WHAT YOU SHOULD DO »
The answer is the full listing restated exactly, without any pictures.

INFORMATION SUPPLIED »
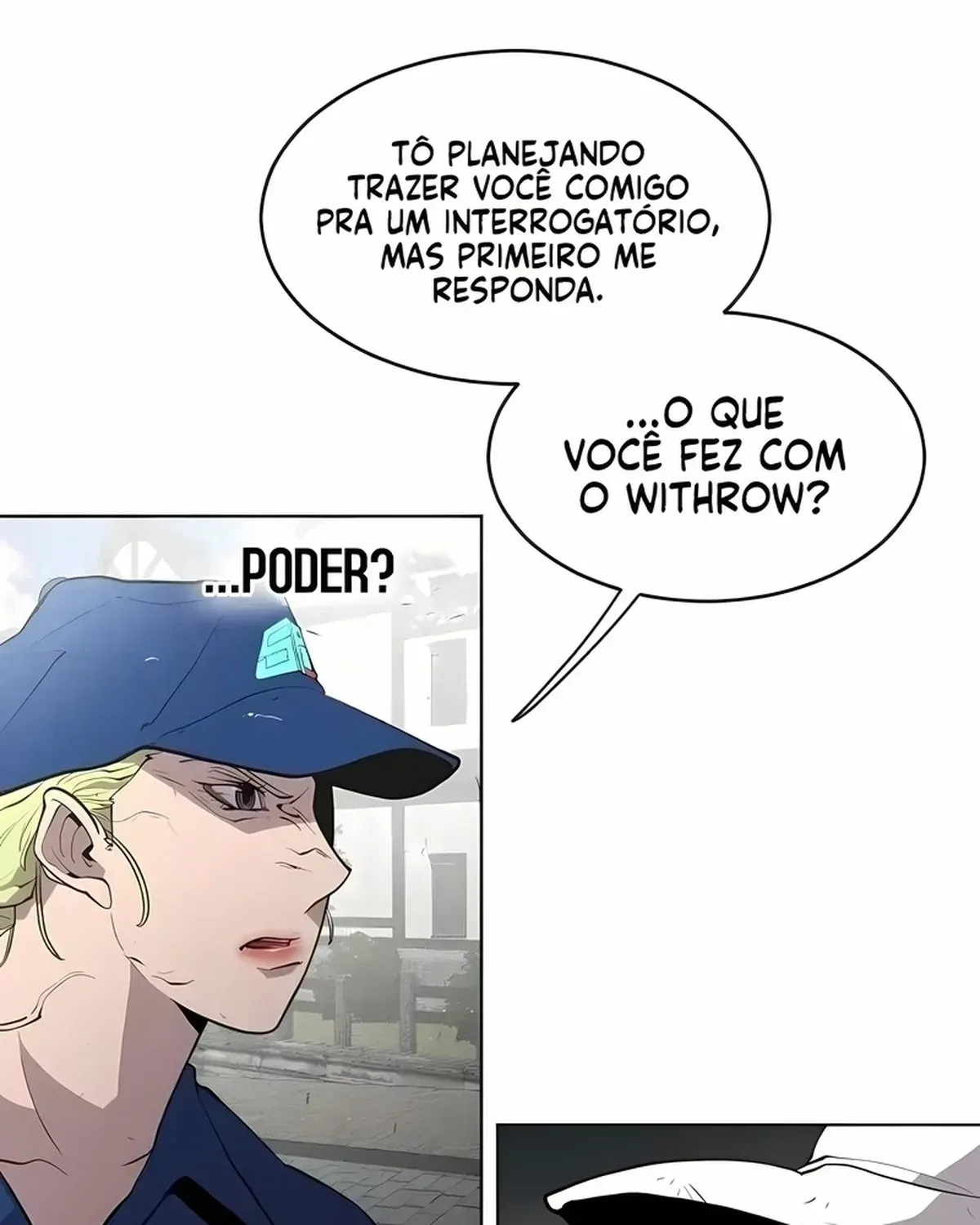 Página 69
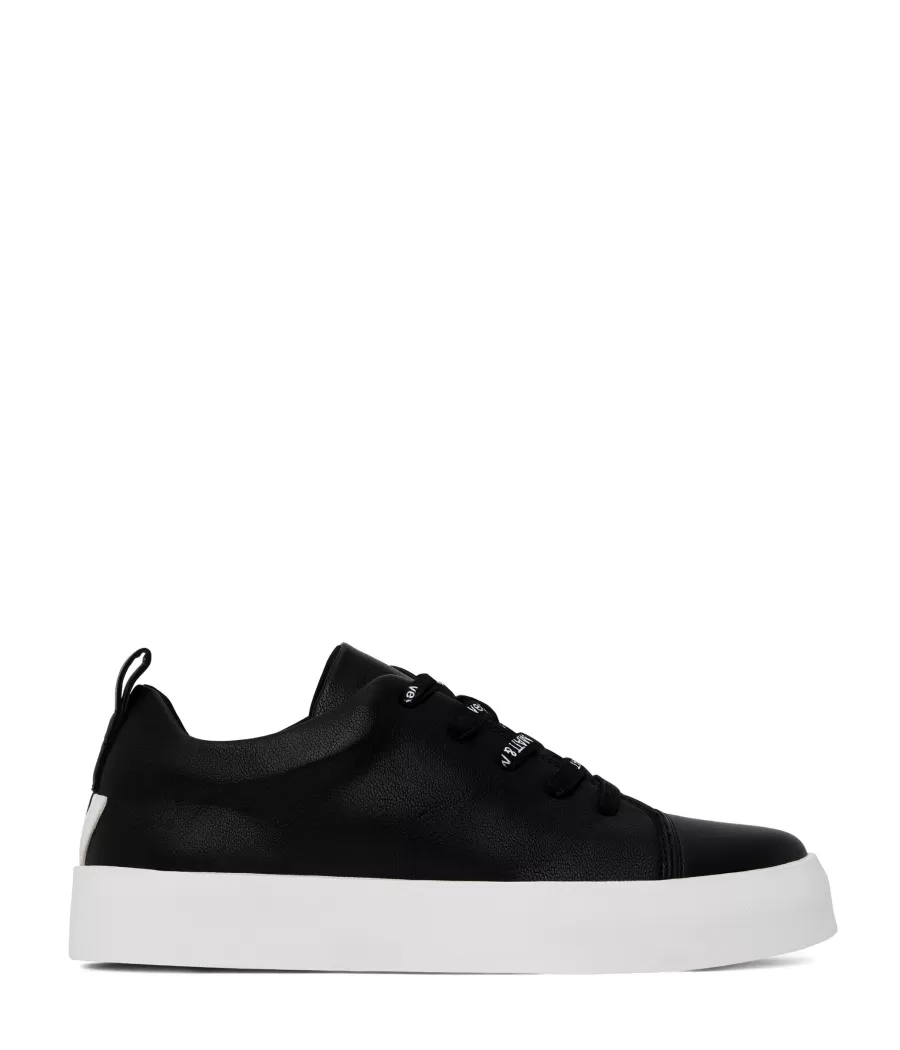 Matt & Nat Sneakers | Sneakers*MARCI Women's Vegan Sneakers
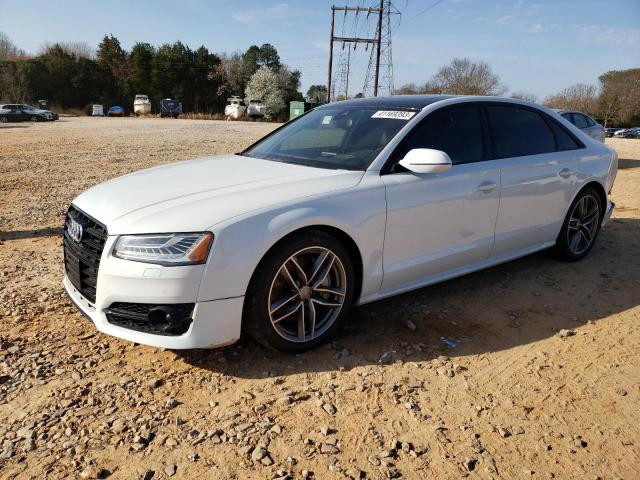 AUDI A8 L QUATT 2017 wau44afd6hn007732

ANSWER AREA »
 Página 69
 Matt & Nat Sneakers | Sneakers*MARCI Women's Vegan Sneakers
 AUDI A8 L QUATT 2017 wau44afd6hn007732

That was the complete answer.